Print out the data that follows exactly, character for character, apart from the pictures.

··· DATA FOR REVIEW

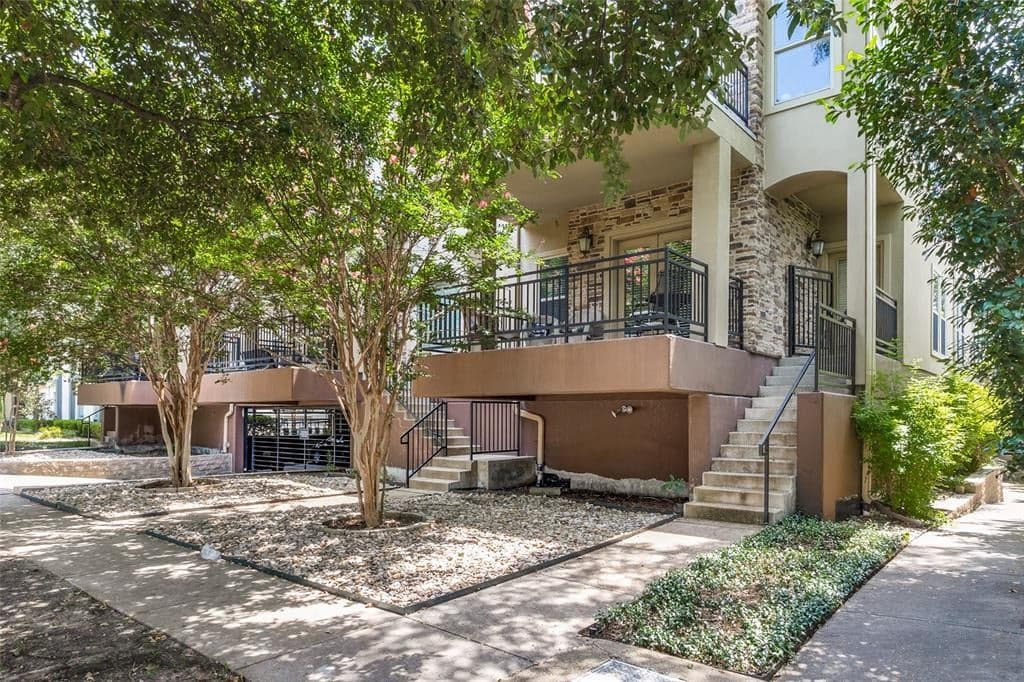 4319 Bowser Ave Apt 205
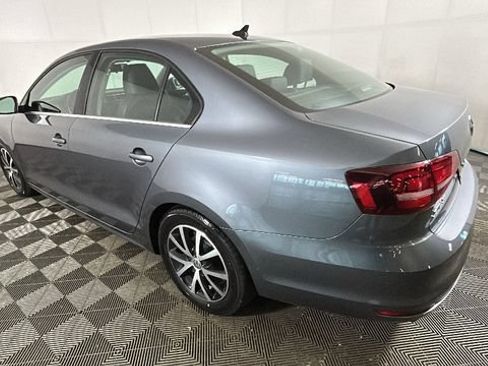 Used 2017 Volkswagen Jetta SE FWD image 4
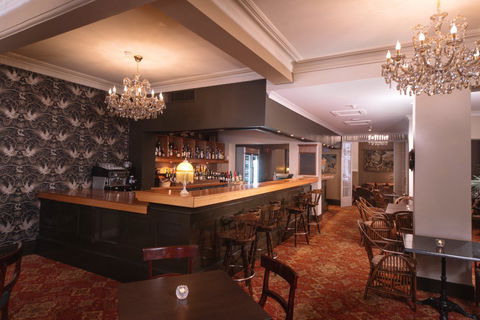 Hadley's Orient Hotel - Queensland Tourism 6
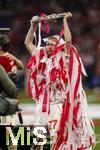 10.05.2025, Fussball 1. Bundesliga 2024/2025, 33. Spieltag,  FC Bayern Mnchen - Borussia Mnchengladbach, in der Allianz-Arena Mnchen. Der FC Bayern Mnchen feiert seine 34.Meisterschaft nach dem Spiel. Konrad Laimer (FC Bayern Mnchen) mit der Schale und Konfetti-Kleid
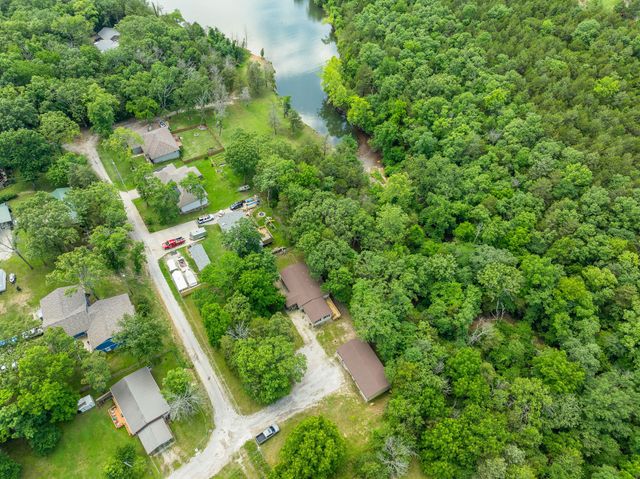 163 Cedar Cove Road, Branson West, MO 65737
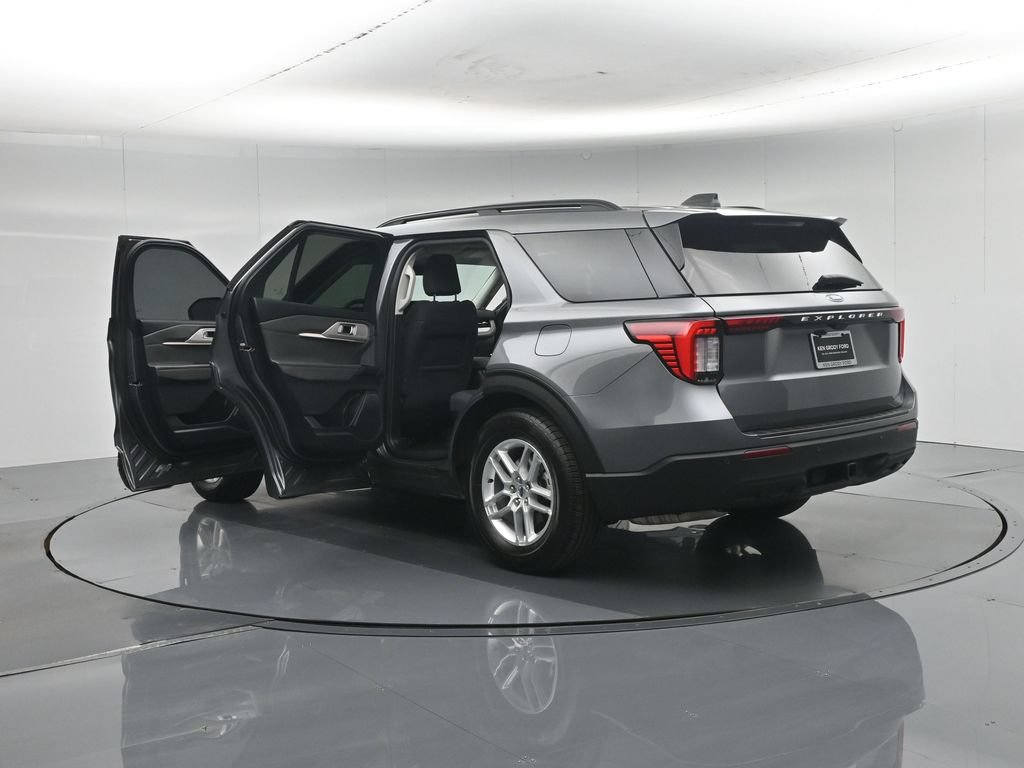 Certified 2025 Ford Explorer Active RWD image 36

······

## RESULT BELOW
 4319 Bowser Ave Apt 205
 Used 2017 Volkswagen Jetta SE FWD image 4
 Hadley's Orient Hotel - Queensland Tourism 6
 10.05.2025, Fussball 1. Bundesliga 2024/2025, 33. Spieltag,  FC Bayern Mnchen - Borussia Mnchengladbach, in der Allianz-Arena Mnchen. Der FC Bayern Mnchen feiert seine 34.Meisterschaft nach dem Spiel. Konrad Laimer (FC Bayern Mnchen) mit der Schale und Konfetti-Kleid
 163 Cedar Cove Road, Branson West, MO 65737
 Certified 2025 Ford Explorer Active RWD image 36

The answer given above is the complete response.